It was many hours later that I revived. The crowds had thinned as the festivities were over for that day. The sun was almost set.

  It was our father who found us. Our father who, becoming anxious at our absence, had set forth to search the city for his children. His was the face before me when I opened my eyes.

  But it was not his voice that said coldly, “You ate of the mushroom.”

  It was not a question.

  A priest. Painted black for the festival. Matted hair thick with blood. Ears torn with lacerations. Eyes blazing as he asked, “What did you see?”

  My mouth seemed full of ash. Words were difficult. I whispered, “A man – a youth. That was all.”

  “Your future husband, perhaps,” said my father lightly. “Is that not all girls ever dream of?” His tone was mocking, as if to convey that my actions had been merely foolish, not blasphemous.

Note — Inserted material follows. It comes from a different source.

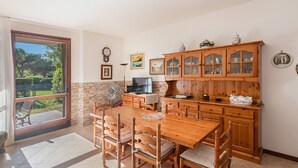 Uma sala de jantar com mesa e cadeiras de madeira, cozinha com armários de madeira e uma porta de vidro deslizante que dá para um alpendre.
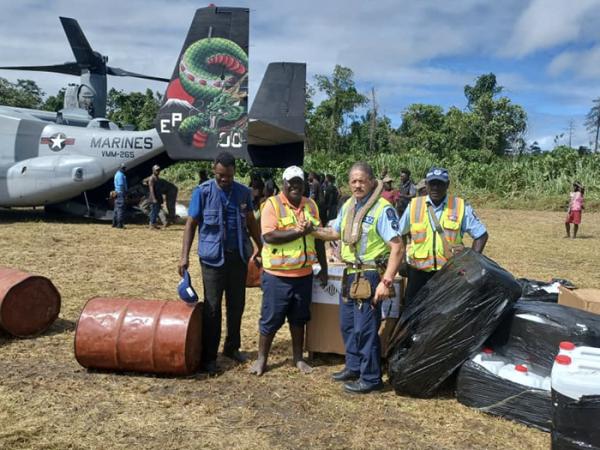 Team Leader Shawn Rutene officially hands over the New Zealand Government's aid supplies.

  I did not correct him. I did not dare to say that the youth I had seen was like no one who walked in this world. Hearing the fear in my father’s voice, I held my tongue.

  “Come, my daughter.” He helped me to my feet. “Let us go home. I had need of you today.”

  But the priest had not finished with us. He looked at Mitotiqui, who, like me, had only just awoken from his vision, and who now stared with jealousy at the protective hand our father had placed on my shoulder. Our father had made no move to help him. Terror kept him still. I felt his fingers tremble as they gripped me, but Mitotiqui could not see this.

  “You, boy,” asked the priest. “You ate too?”

  “Youthful folly,” my father said swiftly. “An accident, no more.”

  “Nothing happens by accident,” the priest snapped in reply. He turned to my brother. “What did the gods show you?”

  Did Mitotiqui know where his words would lead him? Did he speak the truth? I tortured myself with those questions in the months that followed, but could not find the answer.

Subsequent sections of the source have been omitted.